*Material provided*.
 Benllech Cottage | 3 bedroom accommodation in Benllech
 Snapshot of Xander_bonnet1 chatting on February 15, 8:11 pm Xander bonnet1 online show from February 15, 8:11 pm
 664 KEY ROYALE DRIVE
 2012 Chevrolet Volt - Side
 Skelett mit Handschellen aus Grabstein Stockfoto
--
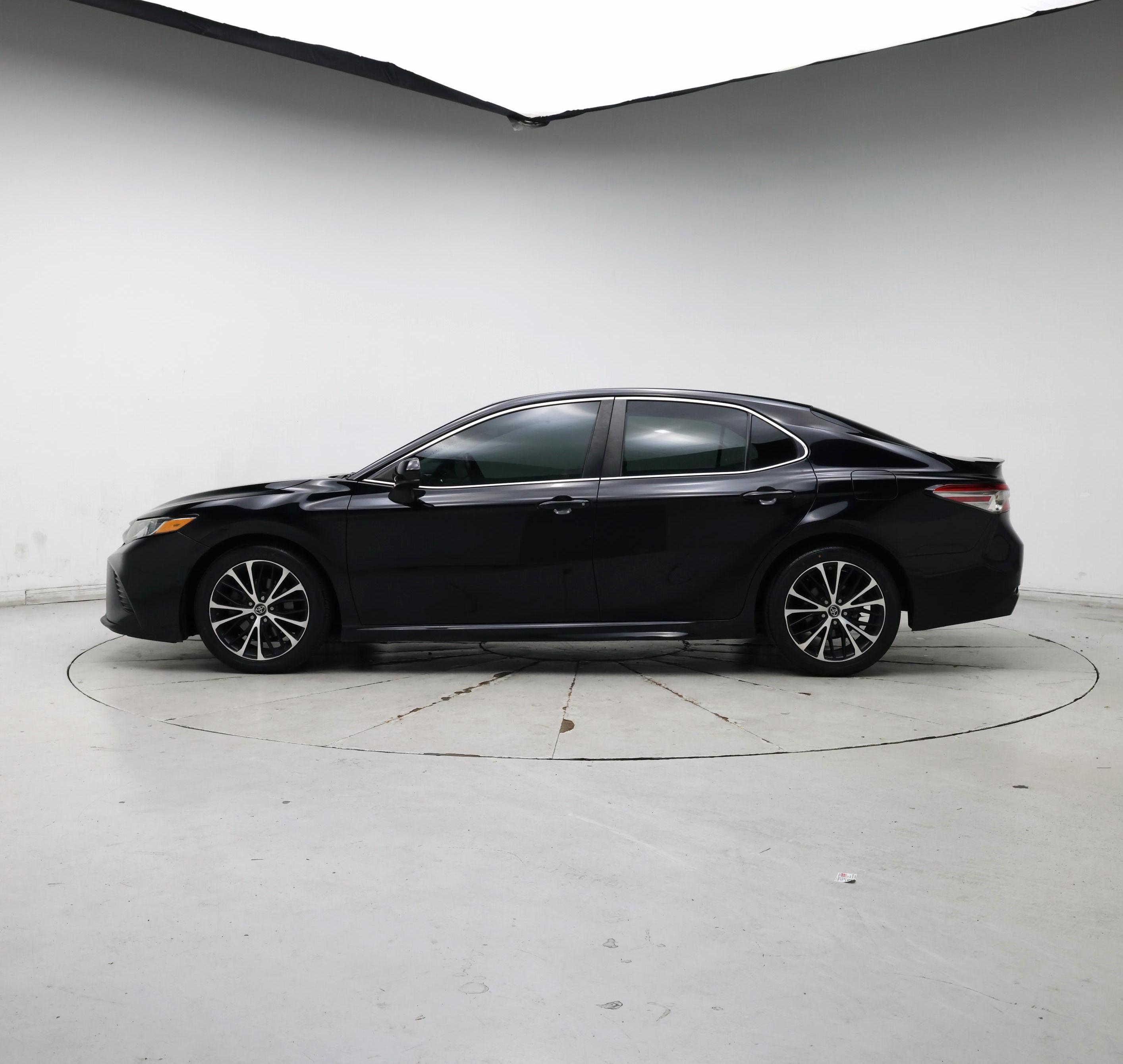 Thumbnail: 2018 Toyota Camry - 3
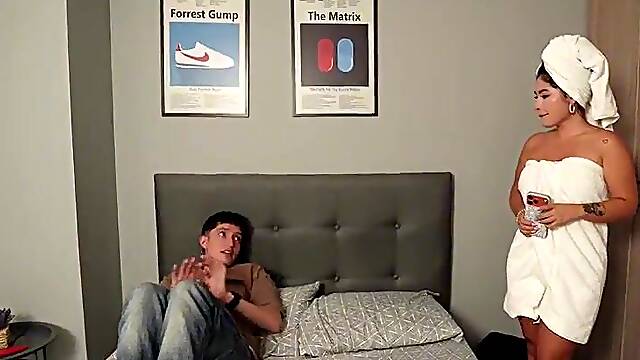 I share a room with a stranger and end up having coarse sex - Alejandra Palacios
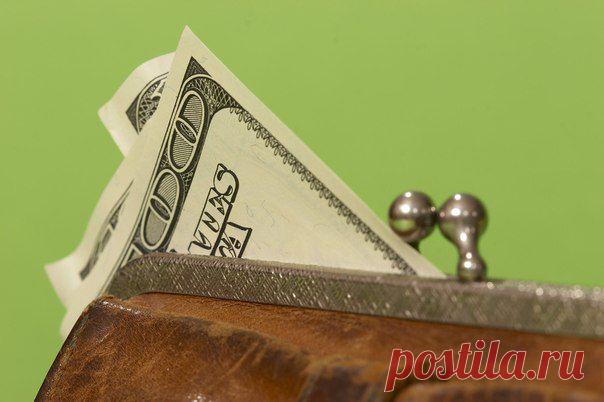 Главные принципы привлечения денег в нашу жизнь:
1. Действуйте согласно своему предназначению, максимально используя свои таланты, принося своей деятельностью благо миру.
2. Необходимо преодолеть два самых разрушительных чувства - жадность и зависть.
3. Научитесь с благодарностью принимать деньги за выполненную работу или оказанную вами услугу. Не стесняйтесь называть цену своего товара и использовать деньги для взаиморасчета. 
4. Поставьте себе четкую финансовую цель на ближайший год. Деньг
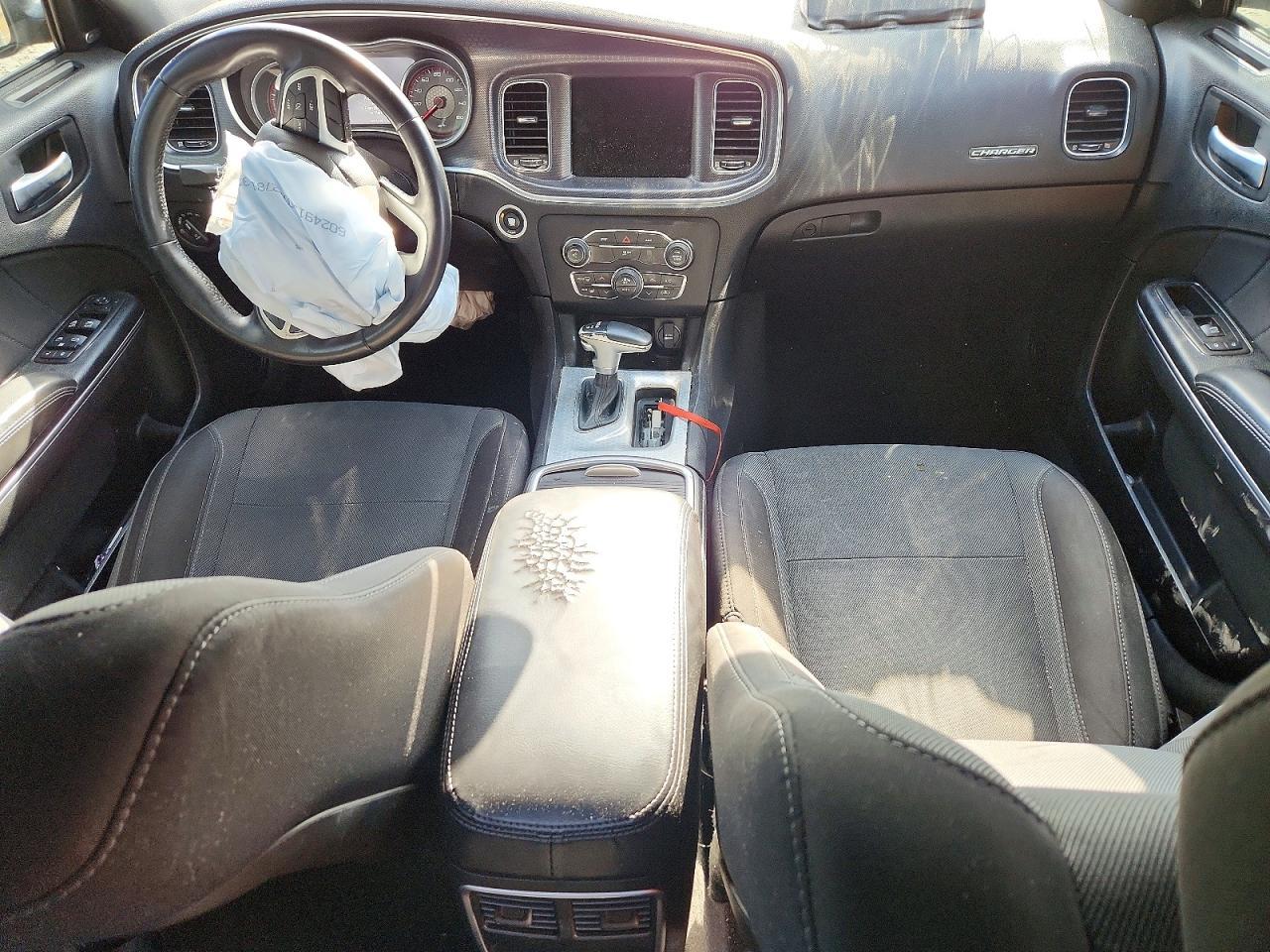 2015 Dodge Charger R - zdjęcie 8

*Task statement*. Copy exactly the part of the material above that opens with the line containing "Главные принципы привлечения" and closes with the line containing "2015 Dodge Charger R - zdjęcie 8", ends included. Drop the images.

*Answer box*.
 Главные принципы привлечения денег в нашу жизнь:
1. Действуйте согласно своему предназначению, максимально используя свои таланты, принося своей деятельностью благо миру.
2. Необходимо преодолеть два самых разрушительных чувства - жадность и зависть.
3. Научитесь с благодарностью принимать деньги за выполненную работу или оказанную вами услугу. Не стесняйтесь называть цену своего товара и использовать деньги для взаиморасчета. 
4. Поставьте себе четкую финансовую цель на ближайший год. Деньг
 2015 Dodge Charger R - zdjęcie 8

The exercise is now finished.